Hashing is one-way. You feed data in, you get a fixed-length digest out, and there is no path back. SHA-256 takes your string "hunter2" and returns f52fbd32b2b3b86ff88ef6c490628285f482af15ddcb29541f94bcf526a3f6c7. No key. No algorithm you can run in reverse. The digest is a fingerprint, not a cipher.

Encryption is two-way. It takes plaintext and a key, produces ciphertext, and with the right key, you can reconstruct the original plaintext exactly. AES-256 in GCM mode, RSA, ChaCha20 — they're all designed with reversibility as the core property. Encryption without decryption would be useless by definition.

This is not a subtle distinction. It is the entire point of each primitive.

The Security Mistake That Follows Immediately

When a developer thinks hashing is encryption, they often reach for MD5 or SHA-1 to "encrypt" passwords. The reasoning makes sense from the wrong premise: "I'm transforming it, so it's protected." But the assumption built into that reasoning is that the transformation can be reversed if you have the right tool. It can't — but that doesn't mean MD5 passwords are safe.

Here's the real attack: nobody needs to reverse a hash. They precompute them.

Rainbow tables are enormous lookup structures mapping common passwords and their MD5/SHA-1 digests. An attacker dumps your user table, runs it against a rainbow table, and recovers 60–80% of passwords in under an hour for typical user bases. The one-way nature of the hash doesn't protect you because reversibility was never the attack vector.
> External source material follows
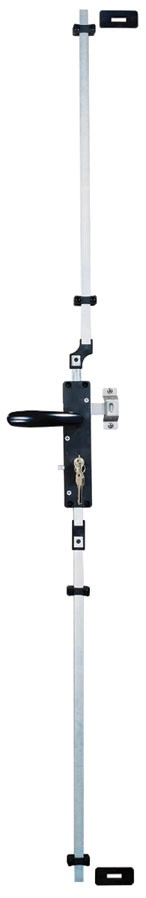Serrure multipoints Multireverso TIRARD pour volet et porte garage - Alu blanc - Carré 7 Profil EU - WG591010Q Serrure multipoints Multireverso TIRARD pour volet et porte garage - Alu blanc - Carré 7 Profil EU - WG591010Q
The confusion cuts the other way too. I've seen developers "decrypt" a hash to verify a user's password — meaning they stored something they thought they could reverse. This usually means they're storing passwords in a format that is either actually reversible (bad) or they're about to get a runtime error because their mental model is broken (annoying, but better than the alternative).

What Hashing Is Actually For

Hashing shines when you need to verify integrity or identity without needing the original data.

Password storage — done correctly — uses hashing. When a user logs in, you hash what they typed and compare it to the stored hash. You never need the original password again. bcrypt, Argon2, and scrypt are the right choices here, not MD5 or raw SHA-256, because they're designed to be slow and salted by default.

File integrity checks use hashing. When you download a binary and verify its SHA-256 against the one published on the project's website, you're confirming the file wasn't tampered with in transit. You don't need to "decrypt" the checksum — you just recompute and compare.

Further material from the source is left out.